Niska, drobna, szczupła kobieta o zmęczonej twarzy usiłuje zebrać myśli. Krok po kroku opowiada historię, jaką przeżyła kilkanaście dni temu. Niespełna dwie doby spędzone w Szkocji zapamięta do końca życia. Na pamiątkę z wyjazdu do pracy, zostały jej dwa bilety (lotniczy i autobusowy), stara gazeta z feralnym ogłoszeniem, „umowa” – sama nie do końca nie wie czy o najem mieszkania, czy o pracę i „Wniosek o udzielenie przez konsula RP pomocy finansowej na pokrycie kosztów powrotu do Polski” oraz dług do spłacenia...

Miłe złego początki

– Oboje z mężem jesteśmy na rencie i trudno nam z tego związać koniec z końcem – Maria K. nerwowo zaciska palce. – Dlatego zdecydowałam się wyjechać. Było mi wszystko jedno jaka to będzie praca. Tylko żeby nie wymagali doświadczenia i dobrego angielskiego. Bo wie pani… Ja po angielsku to tak tylko trochę…

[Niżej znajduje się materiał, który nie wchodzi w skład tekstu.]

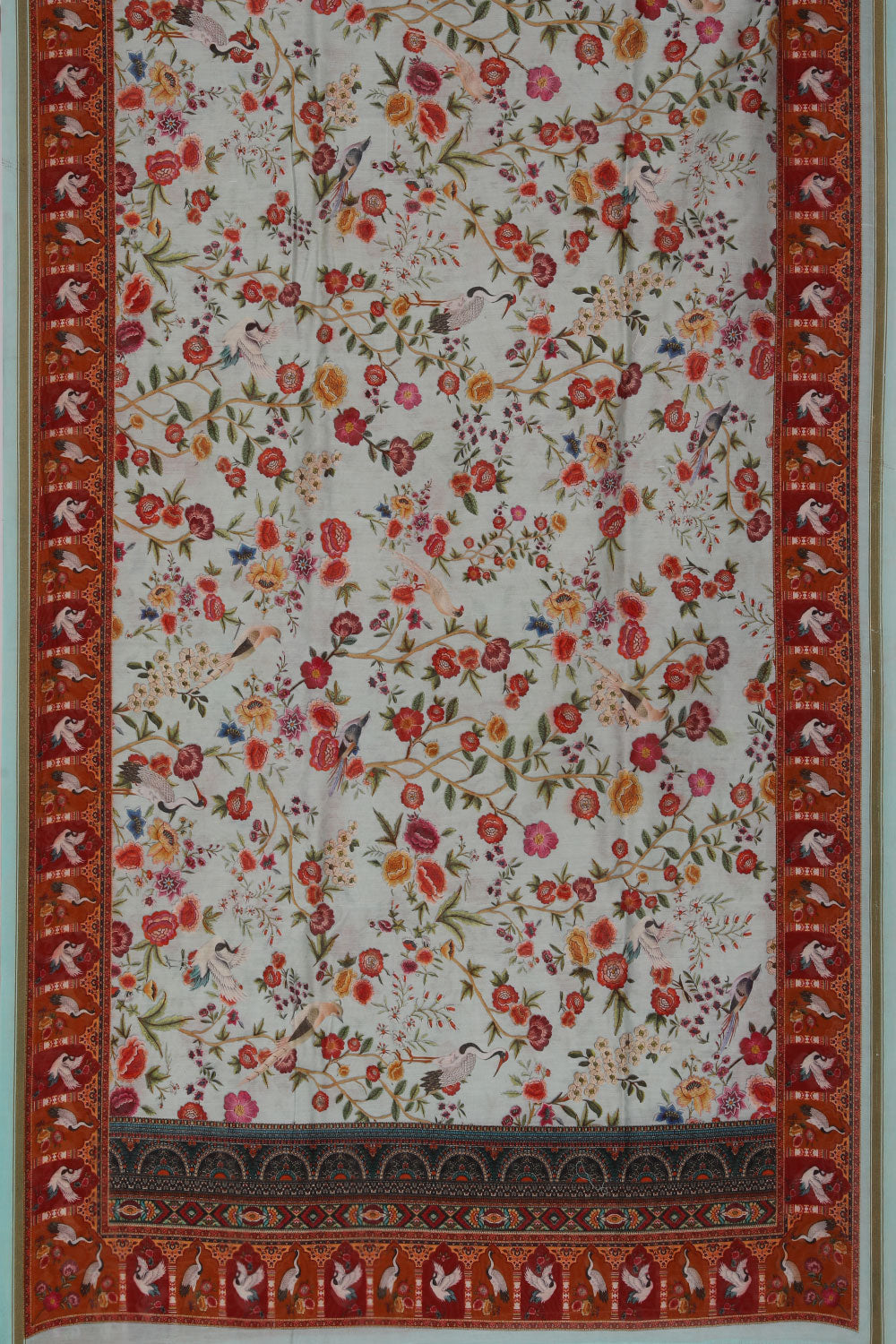 Cotton Silk Unstitched Suit With Dupatta (3 Pcs Set)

Komórkę podaną w ogłoszeniu odbiera kobieta. Przedstawia się jako Joanna Rewan. Oferuje pracę w Levisie (dopiero później okaże się, że nie chodzi o znanego producenta jeansów ale o firmę John Lewis – co i tak będzie oszustwem). Pracodawca nie wymaga doświadczenia, wykształcenia ani znajomości języka. Wystarczy chęć do pracy. Oferuje 7£ za godzinę. Maria K. niepokoi się jednak o zakwaterowanie. – To żaden problem – uspokaja ją Joanna Rewan. – Wszystko bierzemy na siebie. Proszę tylko zarezerwować bilet na samolot i dać znać, kiedy mamy panią odebrać z lotniska. Załatwimy też zakwaterowanie.

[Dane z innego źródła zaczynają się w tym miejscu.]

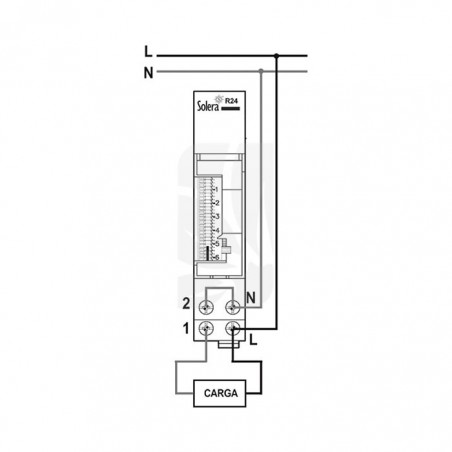 Interruttore Orario Analogico 24 h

Ile kosztuje załatwienie pracy? Nic. – Nie pobieramy żadnych opłat – Rewan nadal cierpliwie odpowiada na pytania. – Ponieważ jednak wybiera pani opcję z zakwaterowaniem, proszę mieć przy sobie 220£. 120 na kaucję i po 50£ na opłacenie pokoju za dwa tygodnie z góry.
Maria K. uwierzyła, że oferta jest wiarygodna i w Glasgow naprawdę czeka na nią praca. Na lotnisku w Prestwick wylądowała 21 sierpnia…

Szczęście w nieszczęściu

Po ok. 10 minutach oczekiwania pod halę przylotów niewielkiego lotniska Glasgow Prestwick, na które przylatują samoloty tanich linii lotniczych z Polski, podjechał ciemny samochód. Wysiadł z niego mężczyzna i kobieta, która przedstawiła się jako Natalia Mrok, pracownica firmy, do której na drugi dzień miała trafić Maria K.
– Przez całą drogę była bardzo miła, ale kilkakrotnie pytała, czy mam przy sobie pieniądze na mieszkanie i chciała je ode mnie dostać od razu – wspomina oszukana kobieta. – Oboje upierali się też, by obwieźć mnie po okolicznych supermarketach, gdzie rzekomo tanio miałam zrobić sobie zakupy. Nie zgodziłam się. Tłumaczyłam, że nic nie potrzebuję, bo zabrałam z Polski jedzenie, które wystarczy mi do pierwszej tygodniówki.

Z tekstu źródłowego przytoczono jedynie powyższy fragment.